Повторяю: все играли хорошо в этом спектакле. И тем не менее Москвин выделялся среди «равных». Подсказанное ему постановщиком, то есть Станиславским, зерно образа Иван Михайлович осуществил удивительно интересно, смешно и точно. Казалось бы, определение «точно» не слишком подходит для творческих явлений. Ан на деле именно точность — то, что называется «попаданием в яблочко», — присуще многим феноменам литературы и живописи, зрелищ и музыки. Кто же не знает радости зрителя, слушателя, читателя, который, впитывая в себя соответствующим образом произведение искусства, повторяет внутренне, и притом многажды повторяет: «Именно! Лучше не скажешь! Не нарисуешь! Не сыграешь! Точно! Именно так и нужно было! Именно так и бывает!» Удивительно в подобных случаях вот что: ведь слушатель — зритель — читатель не полагает себя знатоком данного искусства. У него нет эрудиции и изощренного вкуса, собственной программы в данной области… Да он и не претендует на такое всеведение. Зритель — слушатель — читатель чутьем постигает, что ему предложено наивернейшее решение. Возможно, кто-нибудь возразит: а разве нельзя себе представить, что другой талант создаст свой вариант, который окажется не хуже, а то и лучше этого? Конечно, можно, и они существуют на деле — эти иные решения. Но для сегодняшней аудитории (особенно в театре или на концерте) то, другое, решение нереально. Его нет в действительности. И потом: любое искусство не имеет ничего общего с чистой логикой или математикой. Это логика вправе утверждать: если ка- кая-либо точка признана наивысшей, значит, нет в природе другой более высокой точки. А в искусстве она возможна— другая более высокая точка. Но только не рядом с первой. И не одновременно…

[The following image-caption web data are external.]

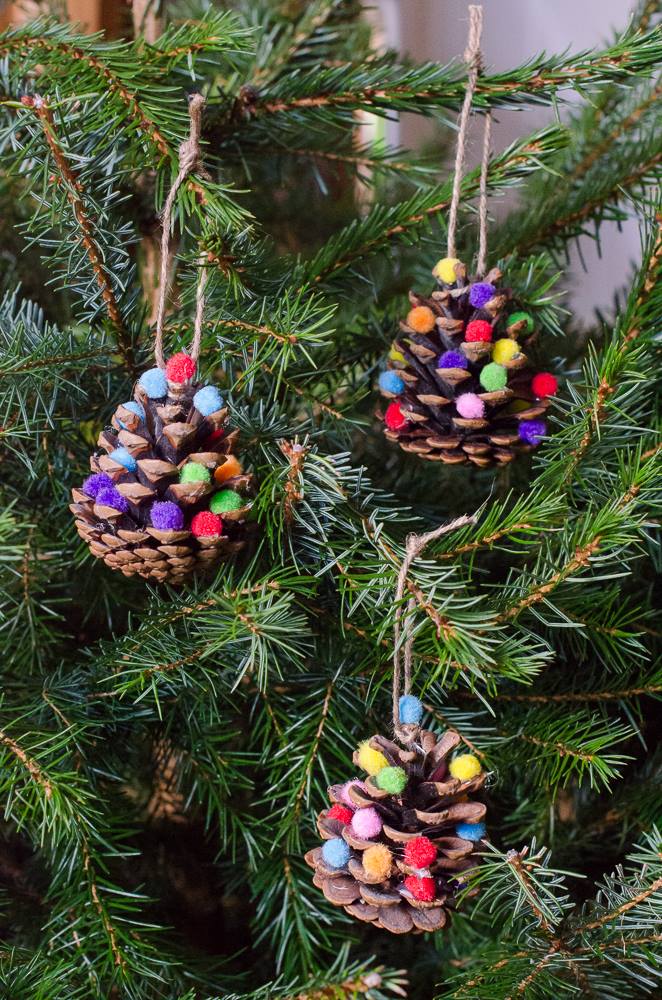 Easy to make pine cone tree decorations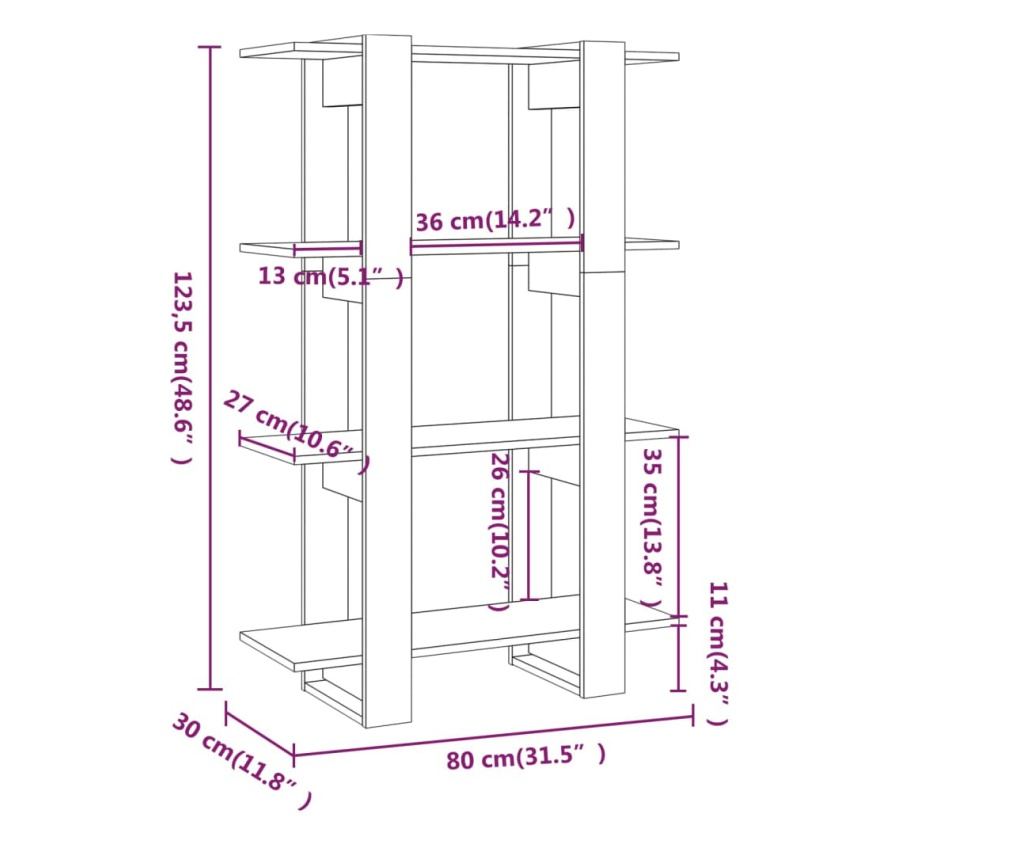 magasfényű fehér könyvszekrény/térelválasztó 80 x 30 x 123,5 cm - 12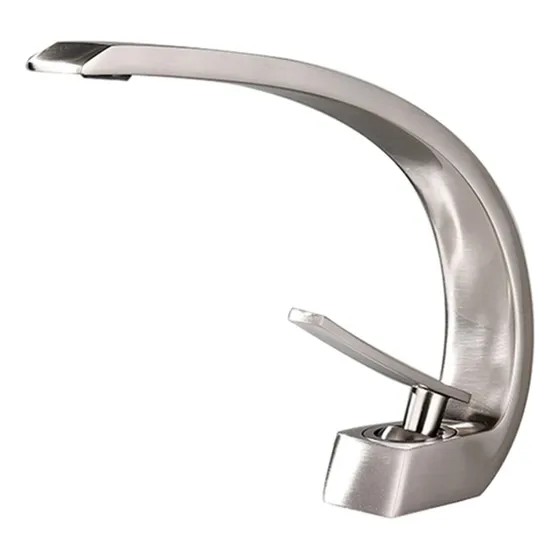 Grifo Lavabo Baño Mezclador Agua Fria Caliente Curvo Niquel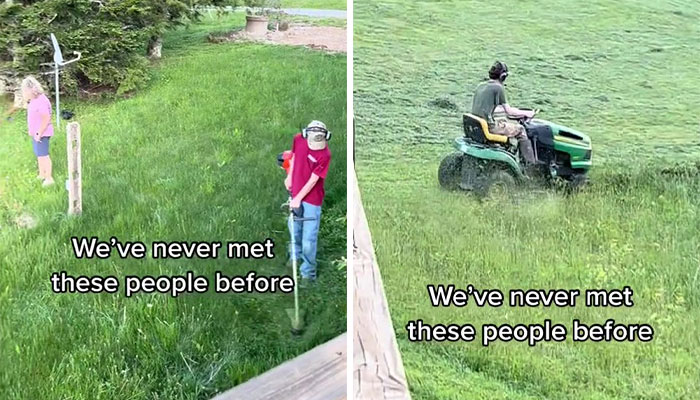 18M People Saw This Video And Loved How These Strangers Jumped In To Help Their New Neighbors After They Bought A Way-Too-Tiny Lawn Mower 18M People Saw This Video And Loved How These Strangers Jumped In To Help Their New Neighbors After They Bought A Way-Too-Tiny Lawn Mower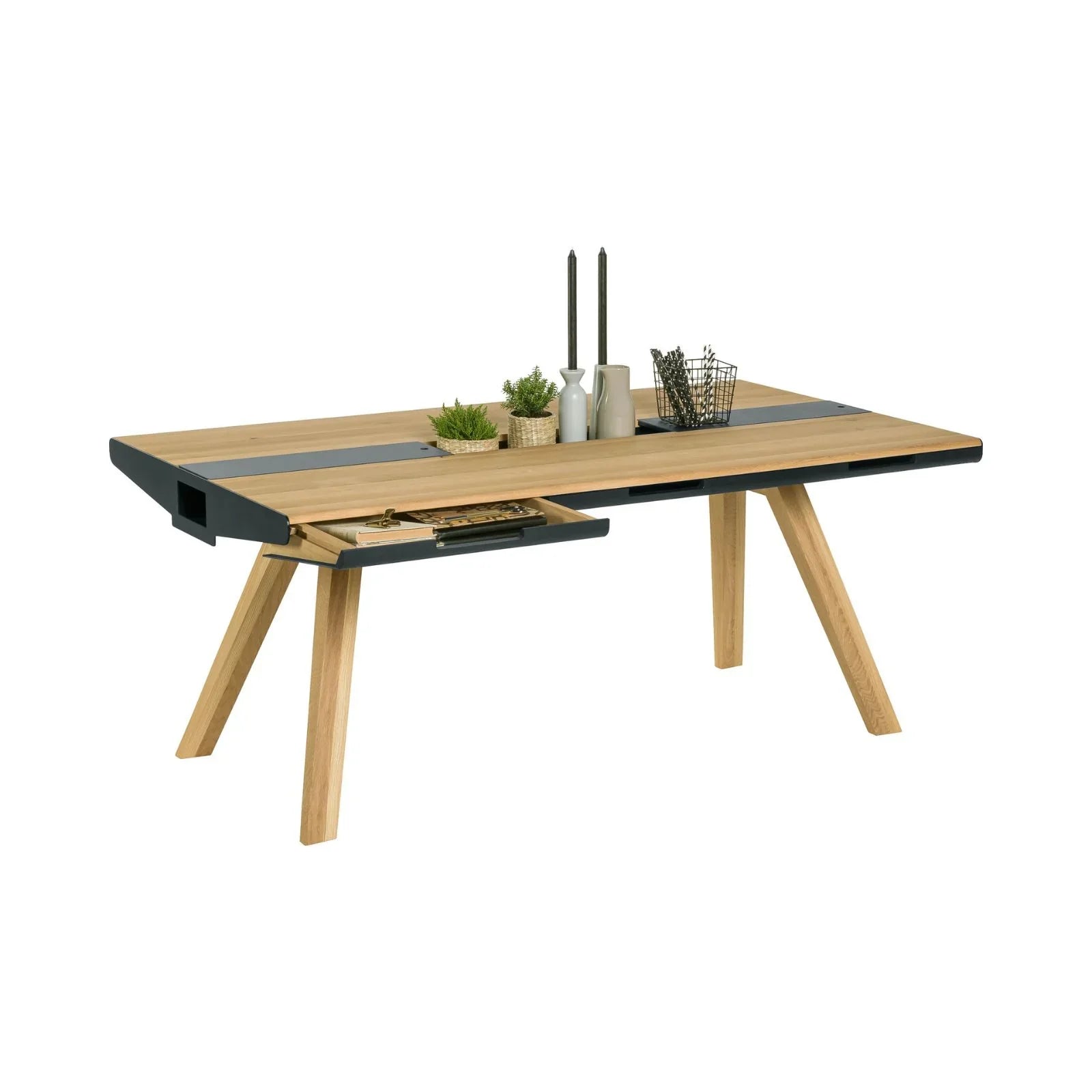 6 Seater Dining Table With 6 Drawers In Oak & Black Color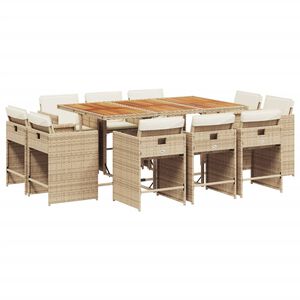 vidaXL Set da Pranzo da Giardino 11 pz con Cuscini Beige in Polyrattan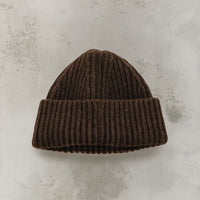 Evan Kinori Knit Cap, Dark Brown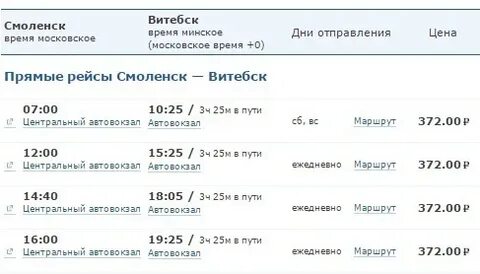 Расписание поезда смоленск рудня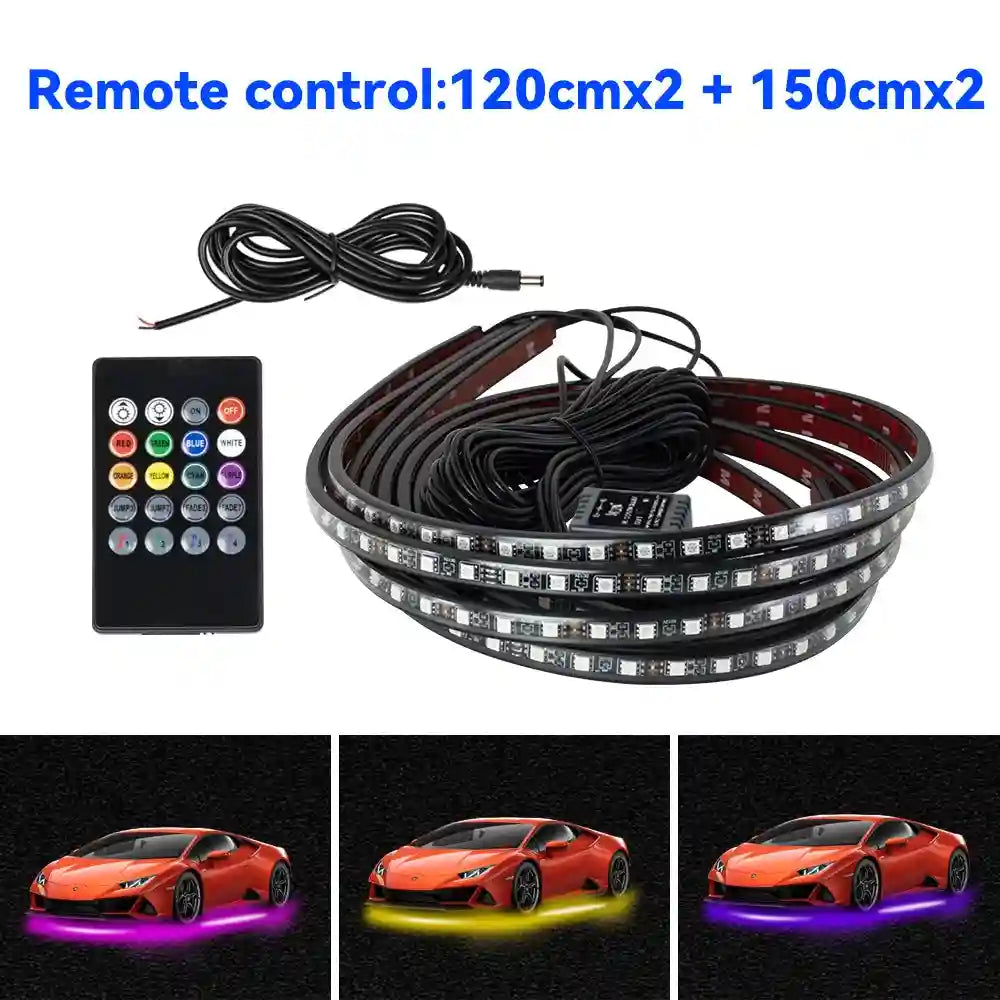 Tidesmit RGB LED Car Chassis Underglow Kit - App & Remote Control 120cm 150cm Remote Tidesmit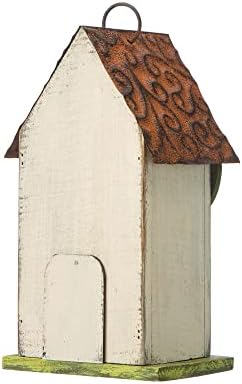 Glitzhome 9.7" H Hanging Birdhouse for Outdoor Patio Garden Decorative Pet Cottage Wooden Distressed Birdhouse, Leaves Rustic White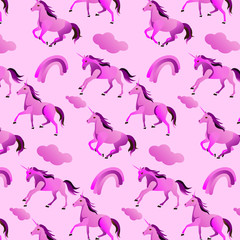 Fototapeta premium seamless MAGICAL FANTASY UNICORN PATTERN in pink and purple colors. vector illustration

Но оставим теорию. Лучше обратимся к тому, что творил И. М. Москвин в роли Хлынова. Он показал клинически верный портрет человека, страдающего от неврастении. Такая неврастения там и сям переходит уже в психостению. В наш век — увы — и то и другое явление массовое. Но во времена Островского среди сытых купцов не так уж много было слабонервных субъектов с чрезмерно быстрой реакцией, со склонностью прослезиться по пустякам, с непременным частым чередованием настроений: сейчас подобный субъект весел и окружающих приглашает веселиться, а через минуту — глядишь — он уже почти плачет, и требуется его утешать, как дитя малое…
Это уже неврастения в сильной степени. Но она и нужна для обрисовки вожака всяческих дебошей и безобразий, которыми искони славилось купечество. У Островского понятно, откуда берутся дебоширы. Богатство, соединенное со скукой захолустной (как, впрочем, и столичной) жизни среди приписанных к первой гильдии почетных граждан, и дает эти никогда не прекращающиеся эксцессы. Тема кутежей и озорства в пьяном виде была традиционной в прошлом веке при описании купеческого быта в журналах и. на эстраде. Но в большой литературе она встречалась реже. Заслуга Островского в том, что он написал комедию о праздных безобразниках.
Первое появление Хлынова на сцене сделано очень выразительно у автора и решено постановщиком: на барке, вмещающей целый хор, приплывает на сцену по реке рыжий красномордый бородач с буйными кучерявыми кудрями. На нем — и «цепка» золотая от часов, и булавка в галстухе с камнем в десять каратов, и перстни на каждом из пальцев (а то и по два кольца на пальце). Певцы одеты в старинного покроя кафтаны, словно это архиерейский хор. И громкоголосым ревом «ансамбля» дирижирует сам хозяин. Подняв кверху кулаки, на которых сверкают разного цвета «супиры» — так называет в той же пьесе приказчик Курослепова Наркис сапфиры, — Хлынов с удивительным мастерством руководит мелодией и силою звука в песне…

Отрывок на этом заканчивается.